Monday, May 21, 2018

Notes from the weekend

I'm not a neurologist who has examined Joe Mauer. Even if I were a neurologist who has examined Joe Mauer, I doubt I would have a definitive opinion on what the return of "concussion-like symptoms" means for his future.

But clearly this is not a positive development for him, or for the team. He left Friday's game early and went on the disabled list Saturday. (Technical note: He went on the 10-day DL, and I wonder if they abolished the seven-day concussion DL when the 10-day DL came into being.) All we know for sure is he won't play for more than a week.

---

The Twins finally played a clean game Sunday. And they won.
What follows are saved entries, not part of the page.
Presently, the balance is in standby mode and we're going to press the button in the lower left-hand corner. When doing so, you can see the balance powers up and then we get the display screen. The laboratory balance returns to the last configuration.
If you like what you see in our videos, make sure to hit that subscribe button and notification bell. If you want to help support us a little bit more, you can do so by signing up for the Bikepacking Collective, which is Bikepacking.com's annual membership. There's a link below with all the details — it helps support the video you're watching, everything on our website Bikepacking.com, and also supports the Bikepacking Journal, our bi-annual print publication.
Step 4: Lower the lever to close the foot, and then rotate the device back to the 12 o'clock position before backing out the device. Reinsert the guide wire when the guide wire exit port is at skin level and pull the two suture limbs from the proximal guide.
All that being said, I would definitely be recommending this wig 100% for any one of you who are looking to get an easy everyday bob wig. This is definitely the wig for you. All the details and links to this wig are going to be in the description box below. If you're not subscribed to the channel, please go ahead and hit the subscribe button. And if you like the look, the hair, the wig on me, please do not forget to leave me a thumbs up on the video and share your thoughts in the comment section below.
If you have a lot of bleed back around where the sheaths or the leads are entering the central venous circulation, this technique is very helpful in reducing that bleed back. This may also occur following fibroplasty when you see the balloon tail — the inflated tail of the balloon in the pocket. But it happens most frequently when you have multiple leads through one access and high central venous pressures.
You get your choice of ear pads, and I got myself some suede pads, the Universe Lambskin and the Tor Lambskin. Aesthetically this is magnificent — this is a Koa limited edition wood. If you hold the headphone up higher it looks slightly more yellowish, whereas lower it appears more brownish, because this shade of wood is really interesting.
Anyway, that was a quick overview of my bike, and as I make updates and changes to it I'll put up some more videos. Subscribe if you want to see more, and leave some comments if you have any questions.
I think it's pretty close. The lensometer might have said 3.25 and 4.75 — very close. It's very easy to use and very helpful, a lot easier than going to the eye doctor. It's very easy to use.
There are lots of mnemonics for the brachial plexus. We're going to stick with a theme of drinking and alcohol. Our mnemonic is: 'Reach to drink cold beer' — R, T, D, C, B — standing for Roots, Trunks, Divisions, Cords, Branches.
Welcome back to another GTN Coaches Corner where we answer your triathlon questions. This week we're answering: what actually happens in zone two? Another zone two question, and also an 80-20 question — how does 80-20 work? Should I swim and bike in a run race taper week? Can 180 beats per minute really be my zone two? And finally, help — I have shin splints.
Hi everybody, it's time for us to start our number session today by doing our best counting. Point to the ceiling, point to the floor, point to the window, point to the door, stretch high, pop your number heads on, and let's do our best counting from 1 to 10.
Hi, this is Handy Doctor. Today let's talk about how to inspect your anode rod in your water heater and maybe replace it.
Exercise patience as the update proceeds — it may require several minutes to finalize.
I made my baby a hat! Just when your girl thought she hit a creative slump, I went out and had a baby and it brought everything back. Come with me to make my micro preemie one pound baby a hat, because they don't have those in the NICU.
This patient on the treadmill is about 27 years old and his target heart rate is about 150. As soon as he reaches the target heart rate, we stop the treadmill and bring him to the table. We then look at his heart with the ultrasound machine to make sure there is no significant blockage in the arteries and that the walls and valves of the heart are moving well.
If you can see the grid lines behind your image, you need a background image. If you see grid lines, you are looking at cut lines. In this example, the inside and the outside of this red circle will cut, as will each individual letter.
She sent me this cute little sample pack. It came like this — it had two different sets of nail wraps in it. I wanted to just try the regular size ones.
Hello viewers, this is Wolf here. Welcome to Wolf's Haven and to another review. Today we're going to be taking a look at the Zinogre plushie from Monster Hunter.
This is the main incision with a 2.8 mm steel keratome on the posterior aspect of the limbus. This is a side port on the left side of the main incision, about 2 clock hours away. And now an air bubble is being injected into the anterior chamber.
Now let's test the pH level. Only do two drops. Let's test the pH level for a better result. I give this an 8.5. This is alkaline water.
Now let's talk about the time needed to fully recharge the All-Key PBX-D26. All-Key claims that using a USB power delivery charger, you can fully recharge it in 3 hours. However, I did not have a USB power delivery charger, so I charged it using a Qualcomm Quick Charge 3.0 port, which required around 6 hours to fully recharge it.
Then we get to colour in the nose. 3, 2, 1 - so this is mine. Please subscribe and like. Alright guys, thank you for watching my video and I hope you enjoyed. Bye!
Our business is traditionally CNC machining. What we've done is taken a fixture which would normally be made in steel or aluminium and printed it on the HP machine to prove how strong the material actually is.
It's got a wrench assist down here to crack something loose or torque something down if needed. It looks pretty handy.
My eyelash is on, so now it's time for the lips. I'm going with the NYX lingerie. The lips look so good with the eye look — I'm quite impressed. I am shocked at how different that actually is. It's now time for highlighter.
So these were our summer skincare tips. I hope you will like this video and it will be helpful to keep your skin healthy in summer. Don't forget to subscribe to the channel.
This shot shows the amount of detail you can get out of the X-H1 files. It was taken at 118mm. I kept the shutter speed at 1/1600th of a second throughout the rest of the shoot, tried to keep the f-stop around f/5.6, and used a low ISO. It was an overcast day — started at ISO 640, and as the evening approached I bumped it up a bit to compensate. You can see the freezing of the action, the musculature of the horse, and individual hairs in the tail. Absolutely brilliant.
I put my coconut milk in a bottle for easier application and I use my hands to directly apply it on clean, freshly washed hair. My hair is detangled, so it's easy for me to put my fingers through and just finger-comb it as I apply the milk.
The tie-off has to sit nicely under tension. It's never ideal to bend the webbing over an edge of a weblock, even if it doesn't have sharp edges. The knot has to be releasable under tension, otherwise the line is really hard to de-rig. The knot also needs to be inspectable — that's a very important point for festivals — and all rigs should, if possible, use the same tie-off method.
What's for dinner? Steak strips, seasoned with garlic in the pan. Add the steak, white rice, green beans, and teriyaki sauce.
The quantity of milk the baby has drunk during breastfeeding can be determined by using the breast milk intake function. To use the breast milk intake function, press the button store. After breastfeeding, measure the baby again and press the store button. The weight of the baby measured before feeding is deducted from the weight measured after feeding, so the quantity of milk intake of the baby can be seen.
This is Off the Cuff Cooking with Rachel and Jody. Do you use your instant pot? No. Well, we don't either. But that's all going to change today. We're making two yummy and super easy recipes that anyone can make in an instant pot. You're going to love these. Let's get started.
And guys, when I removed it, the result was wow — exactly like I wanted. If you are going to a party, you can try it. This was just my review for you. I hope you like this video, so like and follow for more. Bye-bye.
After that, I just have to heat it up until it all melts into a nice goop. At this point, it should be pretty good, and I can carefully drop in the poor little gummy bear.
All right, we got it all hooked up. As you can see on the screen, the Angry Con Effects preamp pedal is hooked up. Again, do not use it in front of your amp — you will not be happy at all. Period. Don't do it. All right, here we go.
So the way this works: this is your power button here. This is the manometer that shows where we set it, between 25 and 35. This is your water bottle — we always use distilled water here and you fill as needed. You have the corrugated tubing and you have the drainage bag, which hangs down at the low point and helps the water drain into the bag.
What a novelty.

---

I am amused by the reaction to Tampa Bay's newest pitching innovation: The one-inning starter.

The Ray's rotation had left-hander Ryan Yarbourgh scheduled for Saturday's game at Anaheim, but manager Kevin Cash announced earlier in the week that he would open the game with veteran reliever Sergio Romo, who once closed for a team that won the World Series and had never started a game in his career. The rationale: The Angels don't have a left-handed bat in the top half of their lineup, so the right-handed Romo can deal with the Mike Trouts and Justin Uptons in the first inning and Yarbourgh can have a slightly easier time of it when he came in in the second.

I heard somebody, I'm not sure who, on MLB Radio ranting about this. What sabermetrics, what analytics, tell you that a guy who's never started in his life is a better matchup?

Hey, it's one inning of pitching. One inning at a time is what Romo has done in the majors for 11 years. First inning, sixth inning, ninth inning -- it's all short stints for him.

He struck out the side in the first. Yarbourgh entered to start the second inning and went 6.1 innings, his longest outing of the season. (And got the W.)

And on Sunday, Romo started again. This time Cash stretched him out to 1.1 innings. The Angels won Sunday -- it was Shohei Ohtani's day to pitch, after all -- but Romo gave them another shutout inning at the start of the game.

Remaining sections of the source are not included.